- **WHAT THE TASK ASKS**
Below is a listing. Set down exactly the lines from the one containing "Wohnung zum Kaufen" through the one containing "Запчасть HP CB376-67903 (ХПЕ) Запчасть", both ends included, and leave out the rest.

- **DATA RECORDS**

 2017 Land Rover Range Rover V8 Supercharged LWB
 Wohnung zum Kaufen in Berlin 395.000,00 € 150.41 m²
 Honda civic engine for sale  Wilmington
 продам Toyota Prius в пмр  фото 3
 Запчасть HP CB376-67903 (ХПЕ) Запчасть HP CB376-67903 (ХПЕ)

* * *

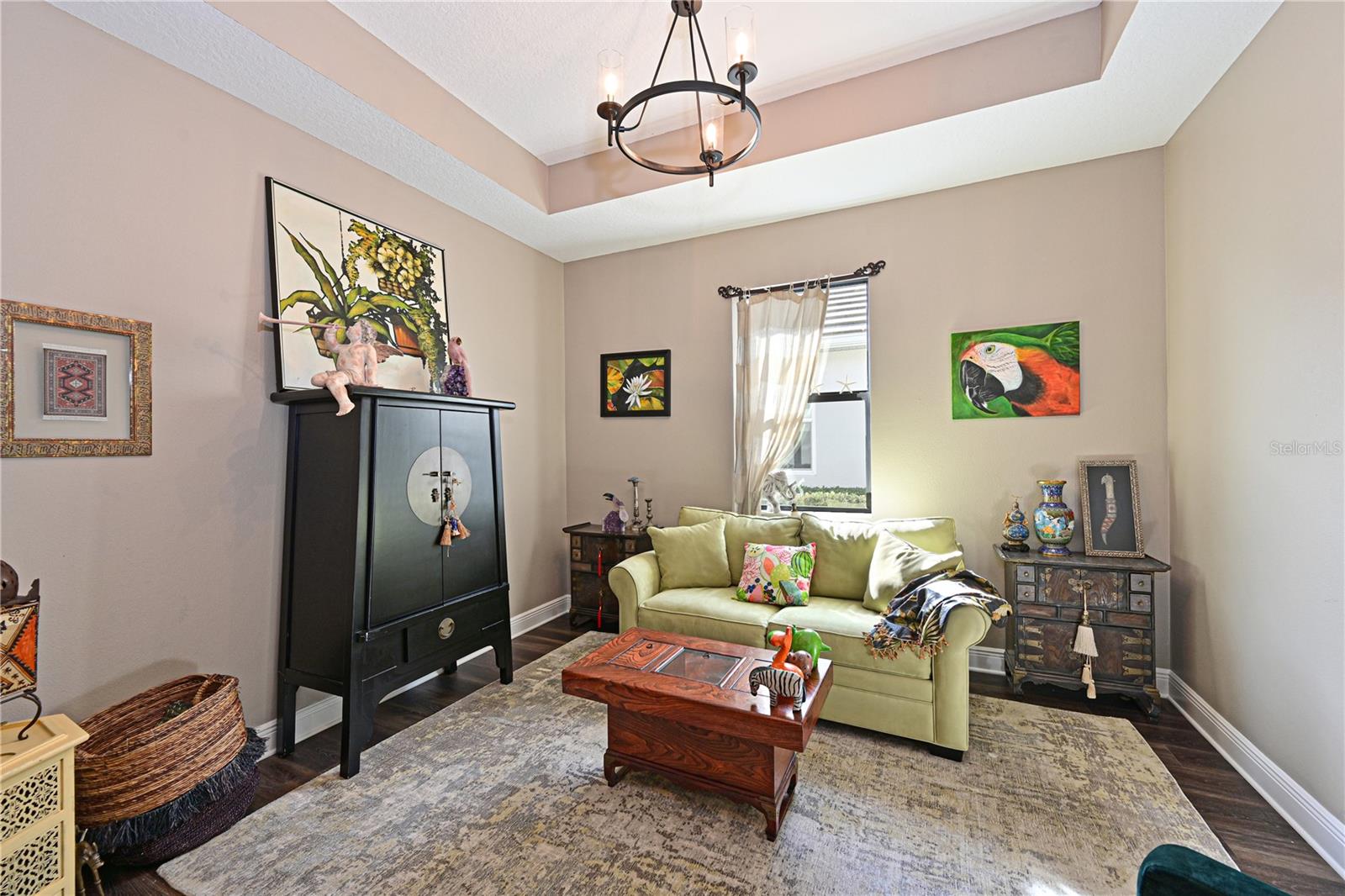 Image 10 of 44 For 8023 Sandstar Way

- **EXPECTED OUTPUT**
 Wohnung zum Kaufen in Berlin 395.000,00 € 150.41 m²
 Honda civic engine for sale  Wilmington
 продам Toyota Prius в пмр  фото 3
 Запчасть HP CB376-67903 (ХПЕ) Запчасть HP CB376-67903 (ХПЕ)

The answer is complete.